Abstract
The most common organisms causing prosthetic knee joint infections are staphylococci. However, arthroplasty infections with atypical microbial pathogens, such as Mycobacteria can occur. Due to the rarity of mycobacterial prosthetic joint infections, diagnosis, treatment, and management of these atypical infections represent a clinical challenge. A 71-year old female post-operative day 40 after a left total knee arthroplasty was hospitalized secondary to left knee pain and suspected arthroplasty infection. She had failed outpatient oral antimicrobial treatment for superficial stitch abscess; and outpatient IV/Oral antimicrobials for a clinical postoperative septic bursitis. Ultimately, resection arthroplasty with operative tissue acid fast bacterial cultures demonstrated growth of the Mycobacterium smegmatis group. Post-operatively, she completed a combination course of oral doxycycline and levofloxacin and successfully completed a replacement arthroplasty with clinical and microbial resolution of the infection. To our knowledge, literature review demonstrates three case of knee arthroplasty infection caused by the Mycobacterium smegmatis group. Correspondingly, optimal surgical procedures and antimicrobial management including antimicrobial selection, treatment duration are not well defined. Presently, the best treatment options consists of two step surgical management including prosthesis hardware removal followed by extended antimicrobial therapy, followed by consideration for re-implantation arthroplasty. Our case illustrates importance of considering atypical mycobacterial infections in post-operative arthroplasty infections not responding to traditional surgical manipulations and antimicrobials. For an arthroplasty infection involving the atypical Mycobacterium smegmatis group, two step arthroplasty revision, including arthroplasty resection, with a combination of oral doxycycline and levofloxacin can lead to successful infection resolution, allowing for a successful replacement arthroplasty.

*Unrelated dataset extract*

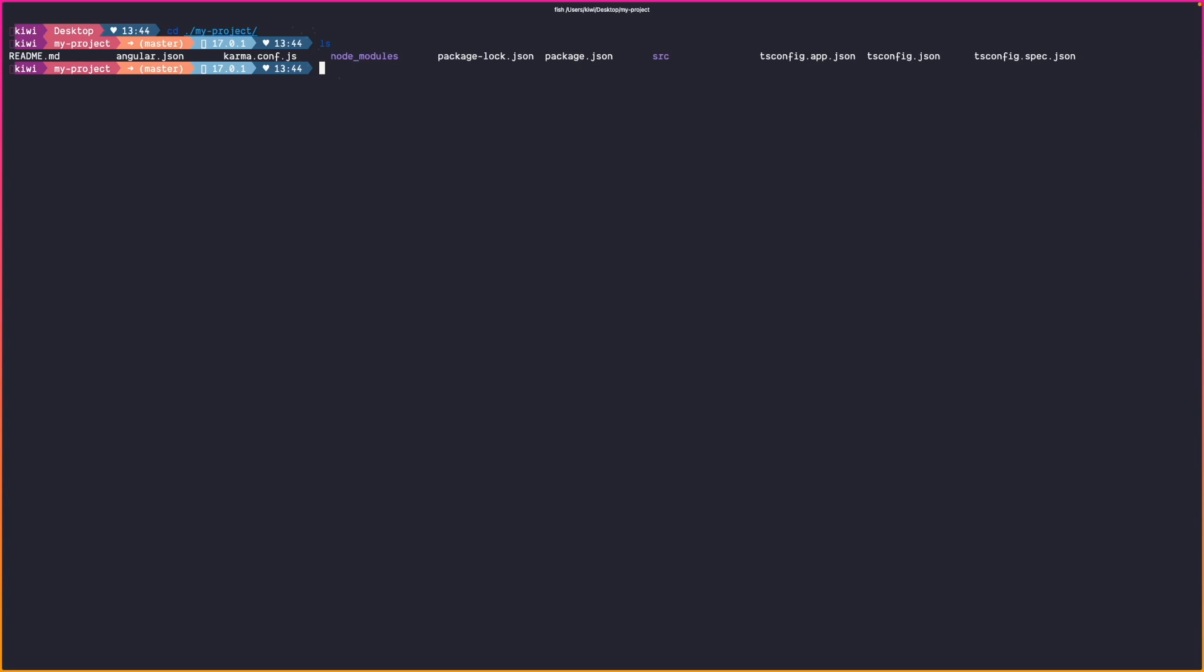And the angular schematics offer us an epic command that allows us to generate a new module directly as a lazy loaded route. So inside our project route we can now start using schematics by typing ngg which is the generate command and we want to generate a module. So nggm which is short for module and then we have to specify where our module should lie. So we want to create a module inside the features folder which is called foo.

Keywords: Atypical, Mycobacterium, Smegmatis, Prosthetic, Arthroplasty, Infection
Introduction
Total knee arthroplasty is a common orthopedic surgery performed with an estimated of about six-hundred thousand procedures done annually in the United States [1]. Infection rate is less than 2% [1] but it is one of the leading causes of prosthetic joint failure. Some of the risk factors for deep site infection after total knee arthroplasty include body mass index (BMI) of greater than 35 (kg/m2), diabetes mellitus, male sex, a diagnosis of osteonecrosis, an American Society of Anesthesiologists (ASA) score of ≥3, and a diagnosis of posttraumatic arthritis [2].
Microbiologically, septic arthroplasty infections can be categorized into “typical” pathogens, those found with “routine” culture techniques, and “atypical” those that require special culture techniques include mycobacteria, fungi, mycoplasma, Nocardia, and Actinomyces. Both early and late (Greater than 12 months) infections in knee arthroplasty are primarily caused by relatively virulent pathogens. More common pathogens in prosthetic joint infection include Staphylococcus aureus (22%), polymicrobial (19%), coagulase-negative staphylococcus (19%), beta-hemolytic streptococci (9%), aerobic Gram-negative bacilli (8%), anaerobes (6%), negative culture (12%), and other organisms (5%) such as Enterococcus, Corynebacterium, Listeria, Brucella, and Mycobacterium tuberculosis [3].
There are typical and so called atypical mycobacteria, the latter now called non-tuberculous mycobacteria. “Typical”- Mycobacterium tuberculosis is the most common cause of human infection worldwide. There are four groups of non-tuberculous mycobacteria which was originally classified by Runyon based in part on pigment formation and rate of growth. Types IV are called rapidly growing mycobacteria (RGM) [4]. RGM are found mostly in soil and water and are resistant to common disinfectant agents [5]. Infection in patients with prosthetic hip joints have been reported [6]. RGM are not easy to treat secondary to high antimicrobial-resistance. We report a case of successfully treated prosthetic knee joint infection caused by the rapidly growing Mycobacterium smegmatis group.
Case report
A 71-year old immunocompetent female, with past medical history of osteoarthrosis, chronic obstructive lung disease, chronic kidney disease, hypertension, and nephrolithiasis, presented with postoperative left arthroplasty knee pain. The patient was 40 days post-operative from an uncomplicated left total knee arthroplasty.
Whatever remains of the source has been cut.